Introduction:
Let’s be real. Most electricians out there are working hard, but still not making the money they should. And the craziest part? It’s not even because their pricing is too low (even though it probably is). It’s because they’re not calculating their hourly rate the right way.
One of the biggest things people mess up — or totally skip over — is their efficiency rate. So let’s break it down.
Efficiency rate is just a fancy way of saying “how much of your time is actually billable?” As in: what percentage of your day, week, or year are you actually doing electrical work that a customer is paying you for?
Spoiler alert: it’s WAY less than you think.
Most guys think they’re working 8 hours a day, 5 days a week, so they charge based on 40 billable hours per week. But that’s a fantasy. Here’s reality:
You’ve got drive time.
You’ve got quote time.
You’ve got picking-up-materials time.
You’ve got standing-around-waiting-for-the-customer-to-move-their-cat time.
And maybe you even do meetings or paperwork or jobs that take longer than they should.
All of that is time you're not getting paid for. And guess what? It eats into your efficiency.
Simple. Imagine your week out in the field. Now make up a list of all the things you do that are not electrical work. Here's my own list:
Pulling and submitting permits
Doing quotes
Following up on quotes
Scheduling jobs
Going to the suppliers
Organizing the van
Taking out trash
Setting up job sites
Cleaning up job sites
Spending time talking with the customer and building rapport
Moving customers junk that's in the way
Walking back and forth to the van for tools and supplies
Taking days off
Taking sick days
Lunch breaks
Now put your list in a spreadsheet or even on paper and start adding time and frequency to each non billable task in your list.

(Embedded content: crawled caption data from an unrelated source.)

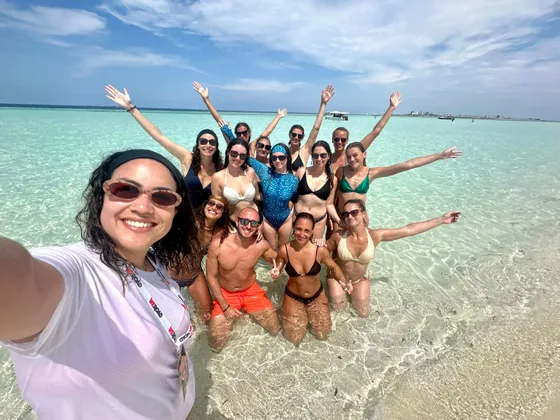 Un groupe WeRoad souriant pour un selfie, les pieds dans l'eau turquoise peu profonde et claire.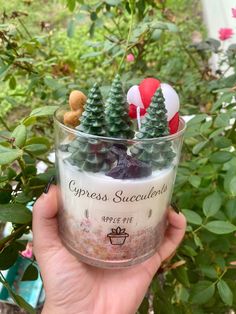 a hand holding a cup filled with small trees and candy canes on top of it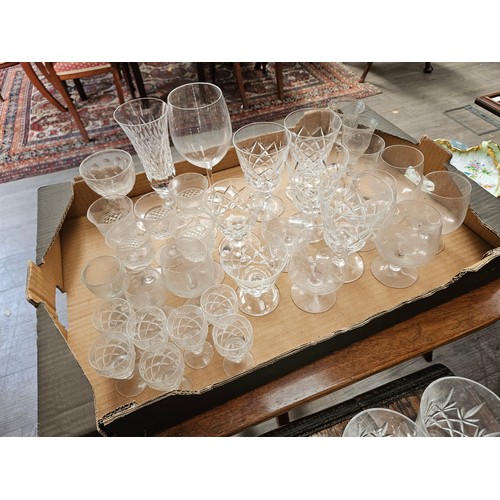 6107 - Suite of crystal glasses including champagne flutes, red wine, white wine, tumblers (71)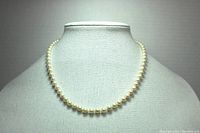 Full view of the pearl necklace displayed on a gray-white textured bust, showing the full 18-inch length with pearls evenly spaced.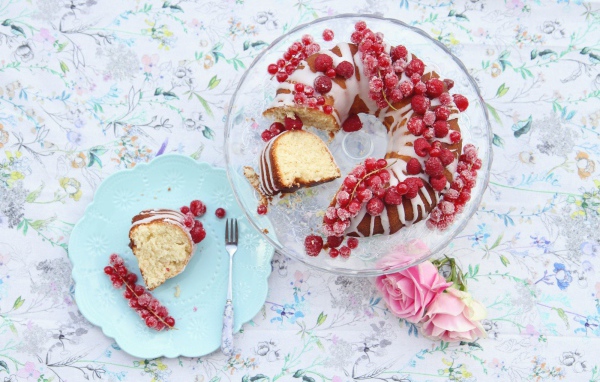 Сладкий кекс с красной смородиной на столе розовыми розами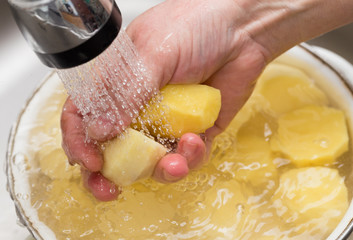 The cook washes the peeled potatoes in the water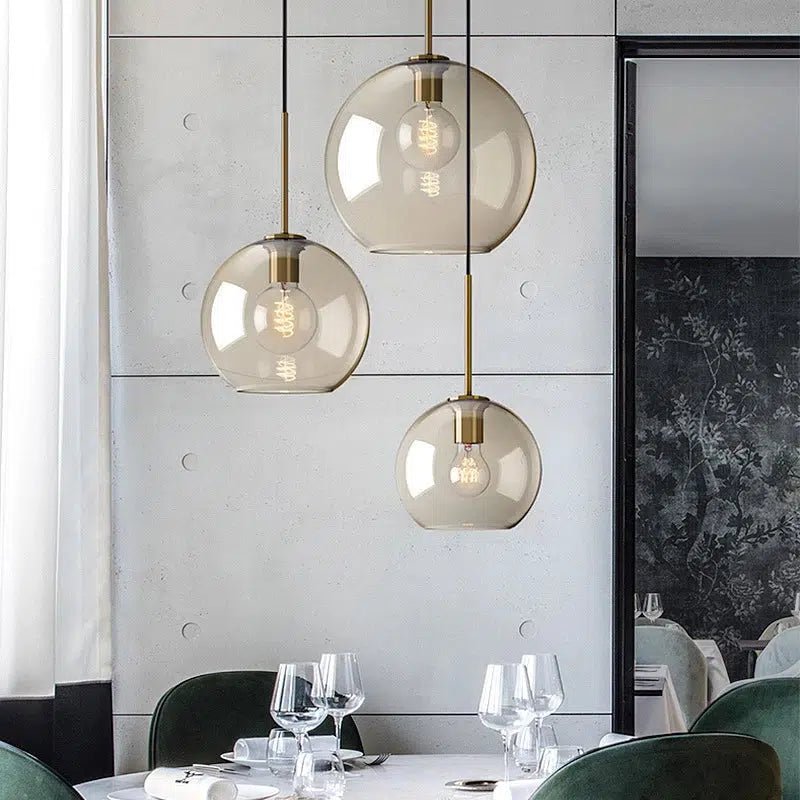 Ambra cognac glass pendants above an elegant set dining table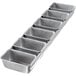 A Chicago Metallic metal bread loaf pan with six compartments.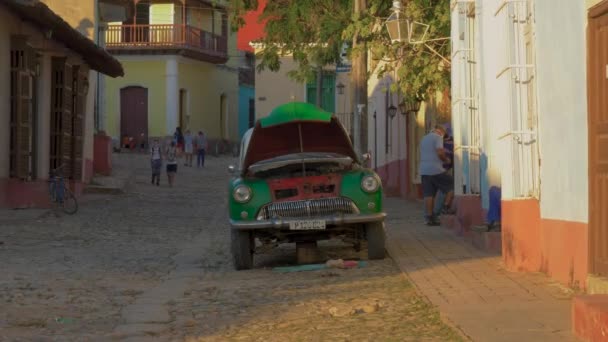 老式经典的美国汽车在街上修理 修理工作用的是一辆美国旧车的发动机 一辆旧的美国汽车正在镇上的街道上修理 古巴的神圣生活 Trinidad Cuba Jan 2022 — 图库视频影像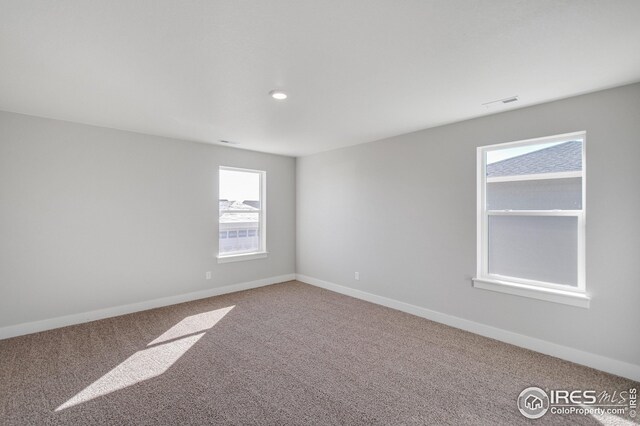 spare room with carpet flooring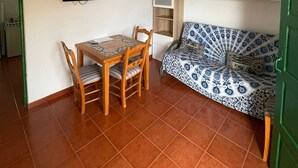 Un espacio habitable compacto con una mesa de comedor, sillas, un sofá, un televisor y un mueble pequeño.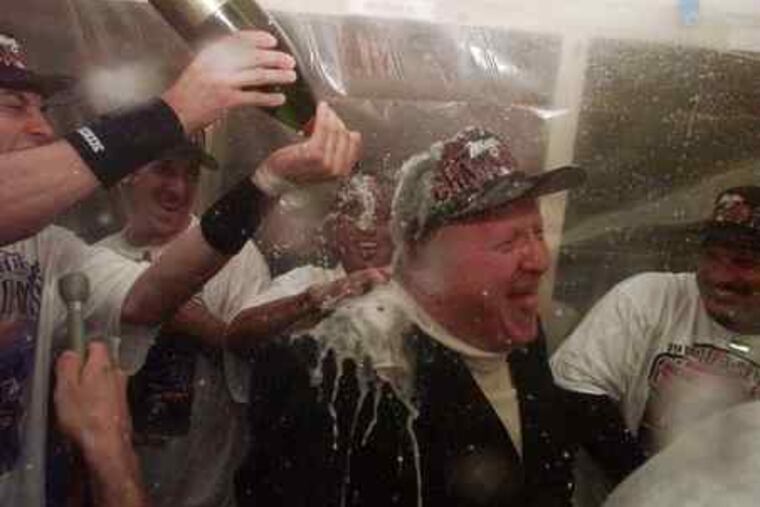 George Steinbrenner was showered with champagne after the New York Yankees won the World Series in 1998. The Yankees won seven World Series in his tenure. The owner is remembered for his tenacity. Sports, E1.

Pro tip: Don't just think about the task itself, remember that we need to drive to and from the task, so add that to the time.
Here’s an example:

Now just work through your list and calculate the total amount of time that you spend doing non billable tasks for your electrical business.
Now you have a total amount of time that unbillable lets convert it to a percentage, that makes it easy for us to add to our hourly rate.
(total billable billable hours / total working hours) = Efficiency Rate
Here’s an example:
Let’s say in a week, you’re out in the field for 40 hours, but only 13 of those hours are actual paid billable work.
(13 billable hours / 40 hour work week) = 32.5% Efficiency
So your efficiency rate is 32.5%. And honestly? That’s pretty normal for a one-man service company. Don’t lie to yourself here — if you’re just starting out or still doing everything yourself, 25-35% is typical.
Let’s say you’re paying a journeyman $42/hour. After labor burdens (benefits, insurance, holidays, yada yada), you’re at $59.64/hour in real cost.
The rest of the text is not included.